Nesse ambiente polarizado vai ser muito difícil surgir uma nova candidatura que não esteja de alguma forma ligada ao PT ou a Bolsonaro. Tarcísio busca articular uma visão mais moderada, mas tem receio de se distanciar da base bolsonarista, que ele precisa para ser eleito. O mesmo vale para o surgimento de outras candidaturas de centro-direita, é típico de cenários polarizados. Ao mesmo tempo, é preciso aguardar qual serão os próximos capítulos dessa situação com os EUA.
"Nesse ambiente polarizado vai ser difícil surgir candidatura que não esteja ligada ao PT ou a Bolsonaro"
Então ainda é cedo para dizer que esse episódio abre de vez a corrida eleitoral de 2026?
Com certeza, mesmo porque há chance de haver uma mudança significativa rapidamente. Tudo pode acontecer. Ainda temos 20 dias para as medidas anunciadas entrarem em vigor. Trump pode adiar a implementação ou recuar, como já fez antes. Então é difícil dizer agora qual será o impacto eleitoral, porque ainda não sabemos se se trata de uma crise curta ou se vamos ficar falando disso por meses.
Você acha que o presidente Lula vai usar essa crise para reverter a queda de popularidade e, ao mesmo tempo, defender o setor comercial que foi afetado por esse tarifaço?

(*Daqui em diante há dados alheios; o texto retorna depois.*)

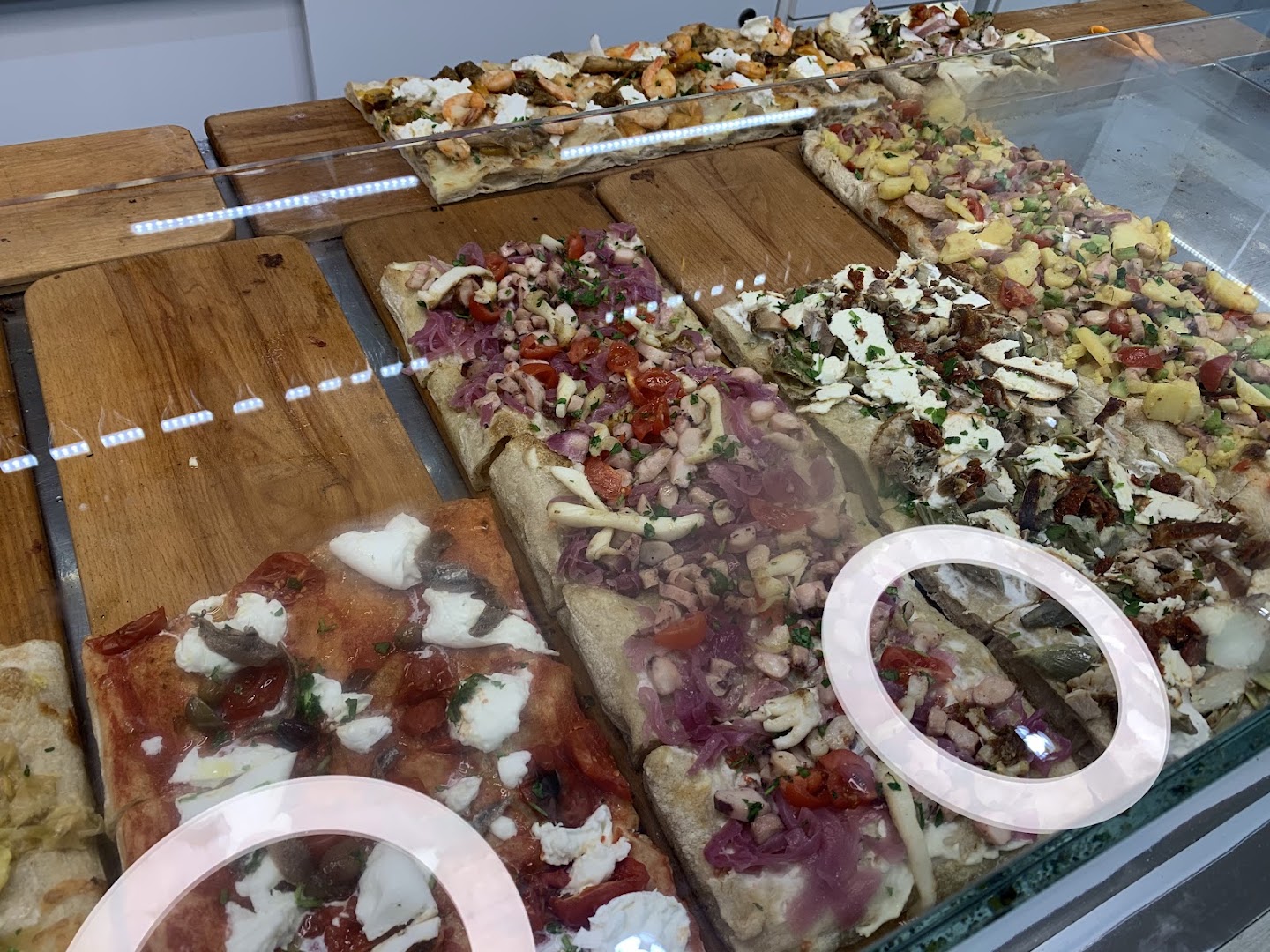 Oliva Pizzamore, Acri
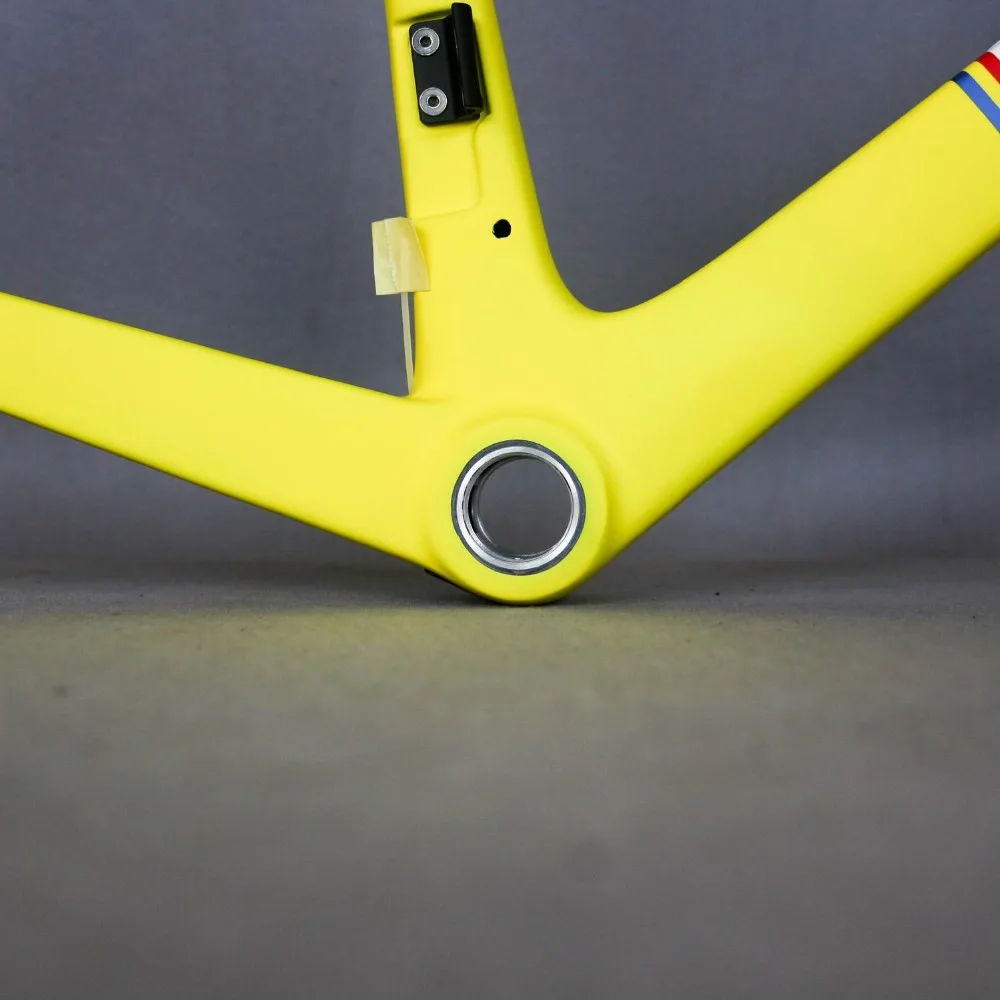 Flash Deal Chinese carbon fibre bicycle frame Super light 780g Carbon Road Bike Frame Di2 Electronic variable speed 2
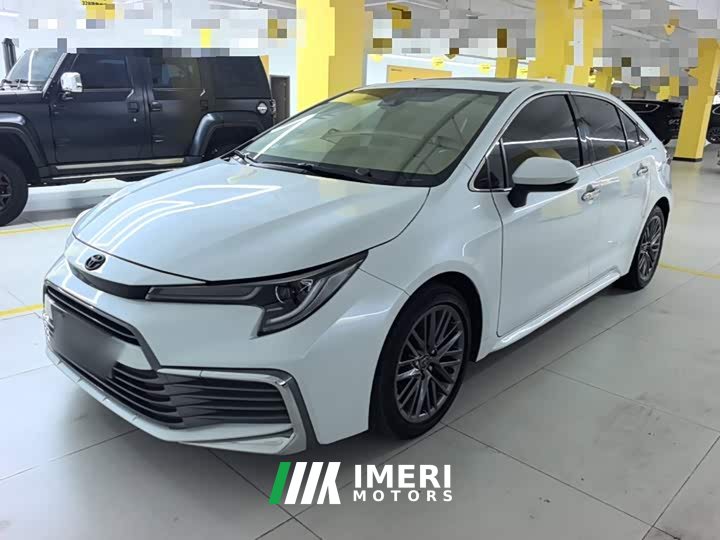 Toyota Lingshang 2.0L Premium Edition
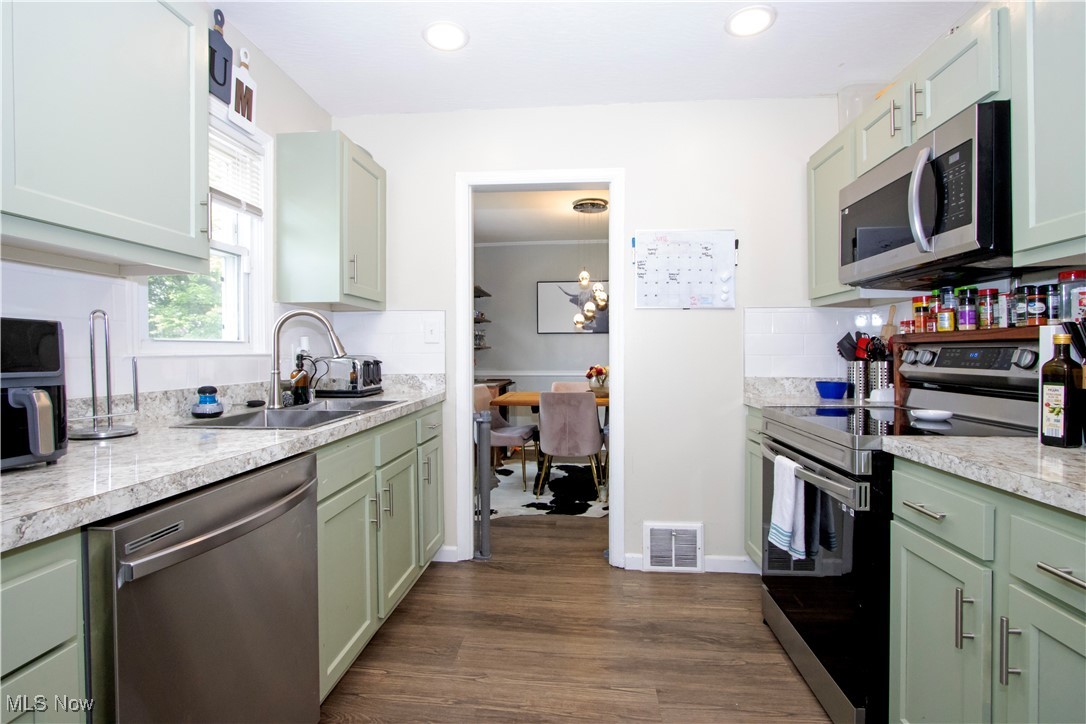 Akron, Ohio 44320, United States, 3 Bedrooms Bedrooms, ,1 BathroomBathrooms,Residential,Active,156921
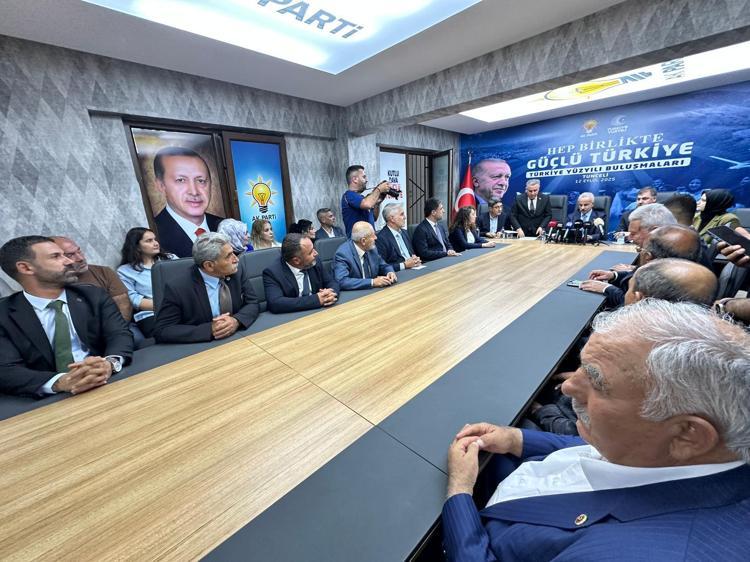 ‘YOLLARI KISALTTIK, SEYAHAT SÜRELERİNİ DÜŞÜRDÜK, GÜVENLİĞİ VE KONFORU ARTIRDIK’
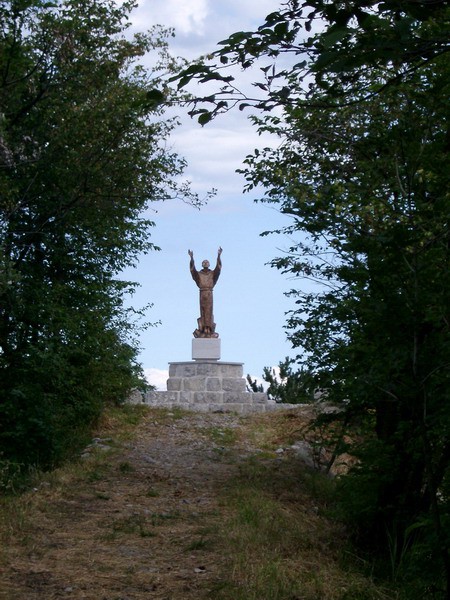 Frančiškov spomenik Sv,Gora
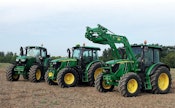 John Deere uudistaa traktorimallistoaan ensi vuoden markkinoille.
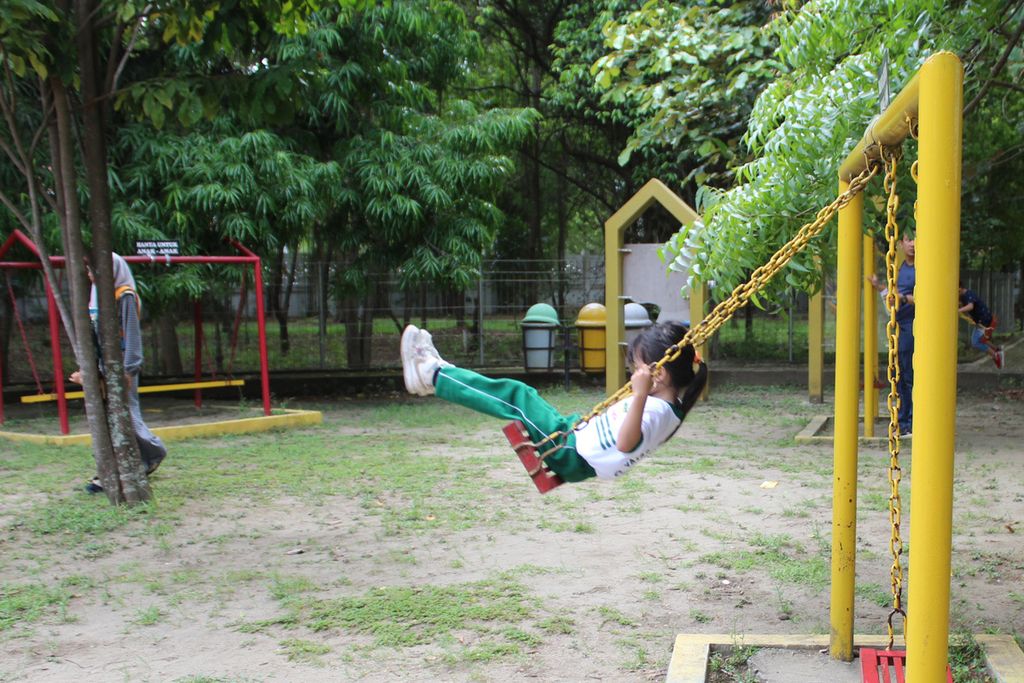 Anak-anak bermain di Taman Putroe Phang, Kota Banda Aceh, Provinsi Aceh, Sabtu (30/7/2022).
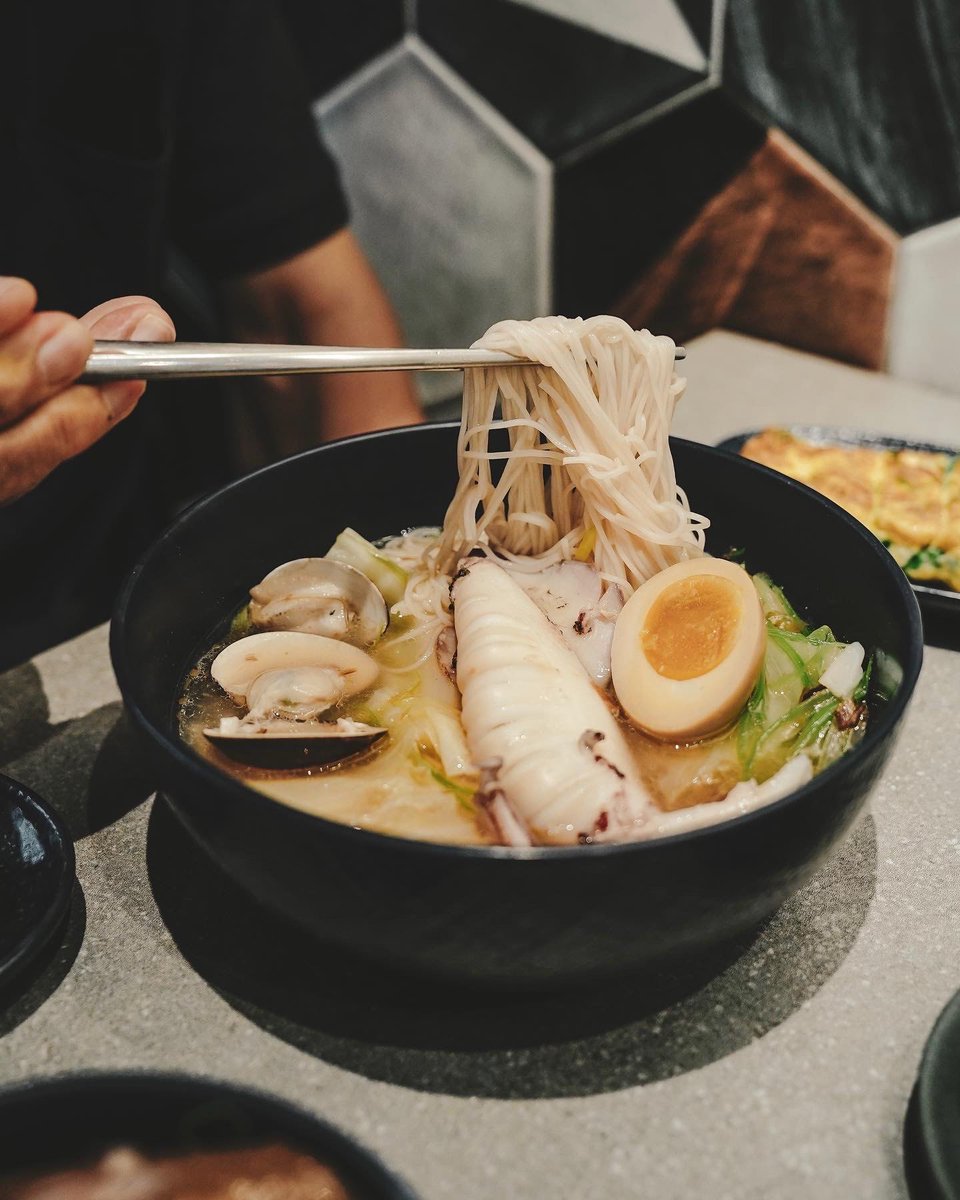 LemasterLeroy's tweet photo. Midnight kitchen glow, a hot bowl of ramen u0026 quiet vibes—only for those chasing late-night comfort. https://t.co/r0MlcX8n38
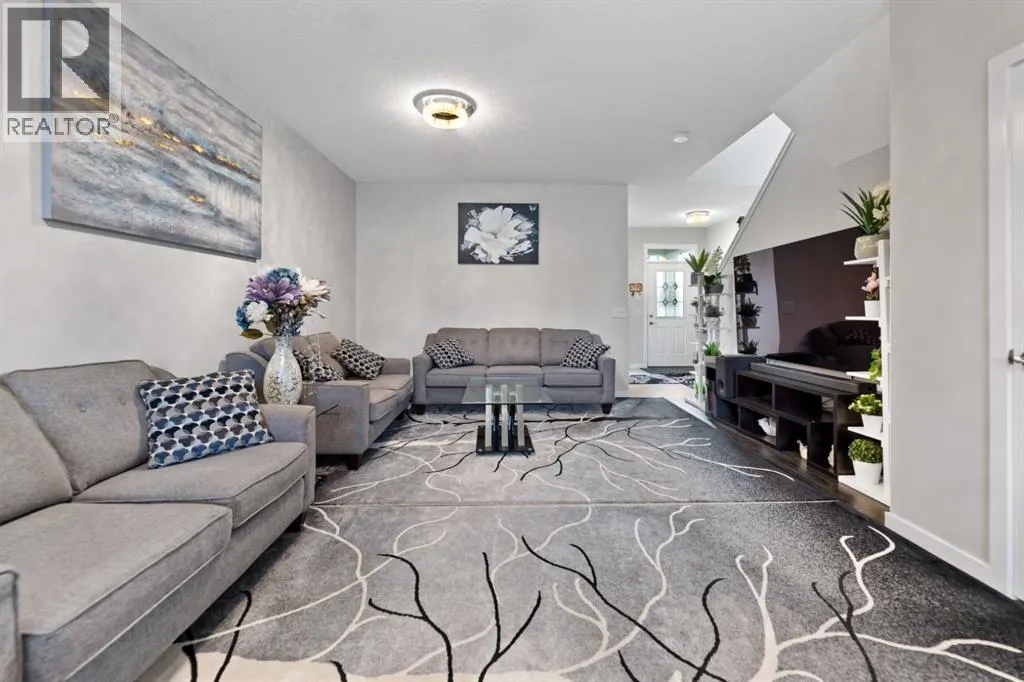 14 Red Embers Crescent NE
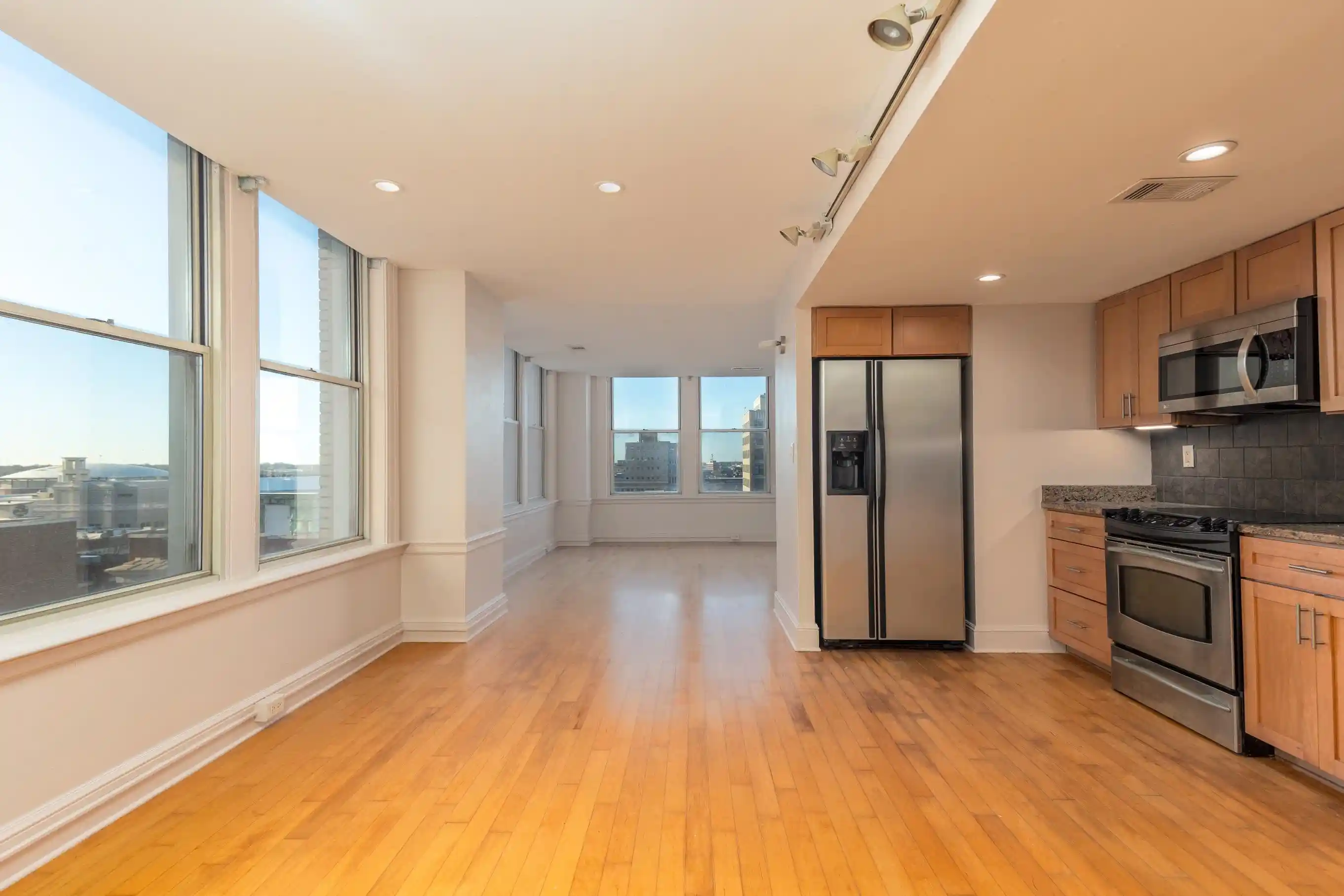 12th image of 66 Monroe Ave #1008, Memphis, TN 38103 | MLS# 10216670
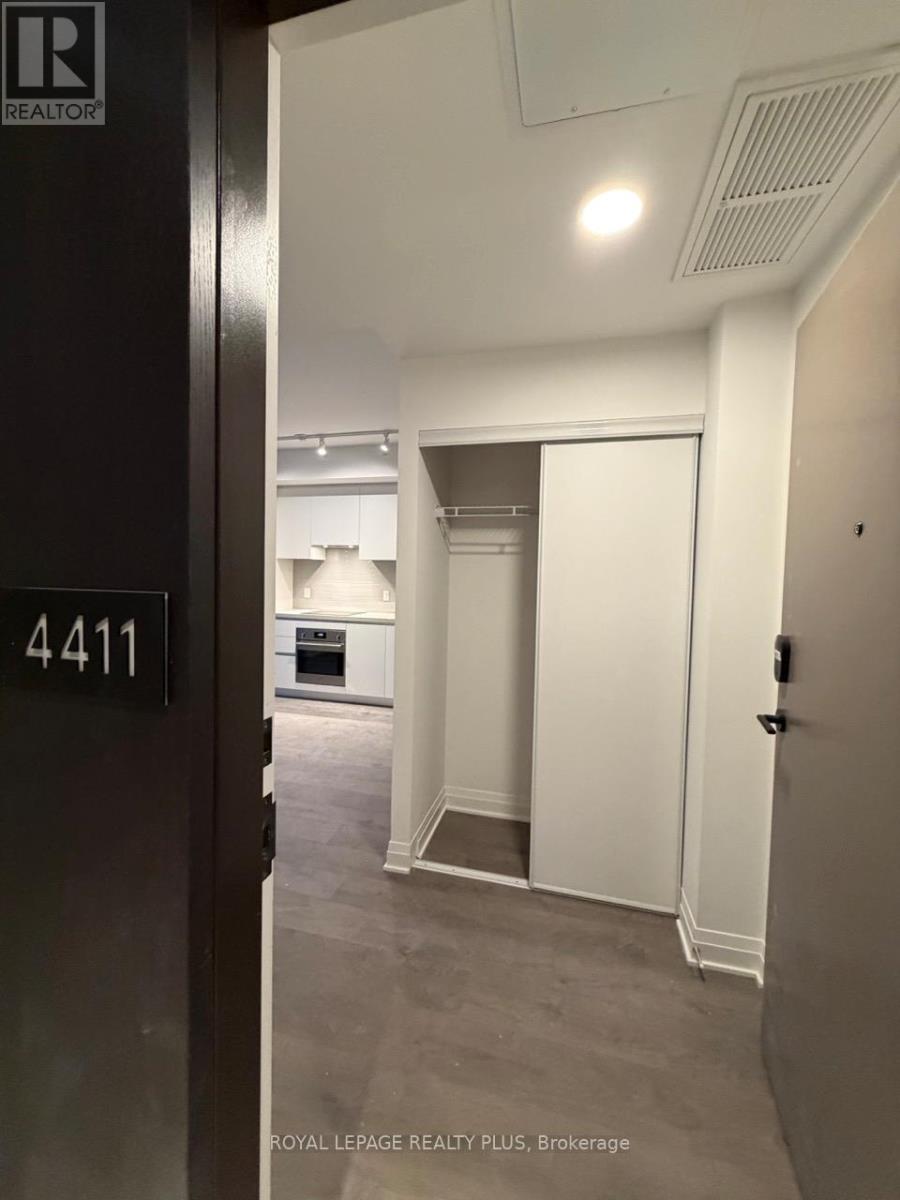 4411 - 4015 The Exchange, Mississauga, Ontario  L5B 0N9 - Photo 2 - W12696420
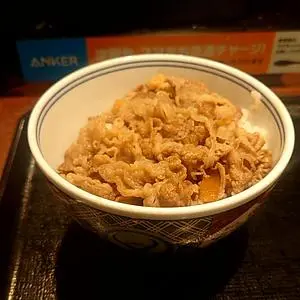 吉野家 新橋烏森口店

Temos aqui duas questões. A primeira é que, quando esse tipo de ataque ocorre, você sempre pode utilizar isso para fomentar o nacionalismo. No Brasil, há uma corrente antiamericana forte, ou seja, é possível utilizar isso para mobilizar a base. Acho provável que isso de fato ocorra, não necessariamente para aumentar a aprovação do governo, mas certamente para complicar a vida da direita brasileira, que será tachada de entreguista, de ter defendido e celebrado a vitória de um candidato que acabou atacando o Brasil.
E a segunda questão?
Essas tarifas não só são ruins para exportadores brasileiros, são ruins para importadores americanos também. Ou seja, têm muitos empregos que estão sendo ameaçados agora que compradores americanos não podem mais ter acesso a produtos brasileiros. Carnes é um exemplo. Então, isso afeta uma série de indústrias aqui nos Estados Unidos também.
O que o governo brasileiro precisa fazer?
Tanto o Itamaraty quanto o governo brasileiro precisam mobilizar, aqui nos Estados Unidos, os que serão prejudicados por essas tarifas. Esses são muito mais influentes na Casa Branca do que o governo brasileiro. Então, a diplomacia brasileira precisa fazer isso, articular uma reação de senadores e deputados americanos que representam regiões onde empregos que estão sob ameaça por causa dessas tarifas. E também governadores, de preferência do Partido Republicano, para ligar para a Casa Branca para se queixar, avisar que as tarifas afetam as chances de reeleição nas eleições de meio de mandato, no fim do ano que vem. Então é preciso mapear esses atores para que eles se mobilizem na Casa Branca.
Há pouco espaço para diplomacia agir?
Sim, quando falo com integrantes do governo Trump noto que há um sentimento muito hostil ao presidente Lula. E isso atrapalha muito, sinto isso em todas as conversas, seja no Departamento de Estado, no Departamento de Comércio, no Conselho de Segurança Nacional, seja na Casa Branca, todos enxergam o governo Lula com muita desconfiança.
"Entre integrantes do governo Trump noto que há um sentimento hostil em relação ao presidente Lula"
Como reverter isso?
É um baita desafio. Vou passar o dia hoje visitando esses órgãos, é uma situação realmente preocupante. Conheço empresas brasileiras que, com essas tarifas, não vão sobreviver, penso no produtor de vidros especiais em Santa Catarina, no cara que vende portas de madeira, aço, isso tudo vai para o mercado americano. Tem muita empresa de médio porte que vai sofrer muito. É claro que tem esse lado do nacionalismo, mas o governo brasileiro precisa se mobilizar porque essa crise pode prejudicar a economia brasileira com um todo.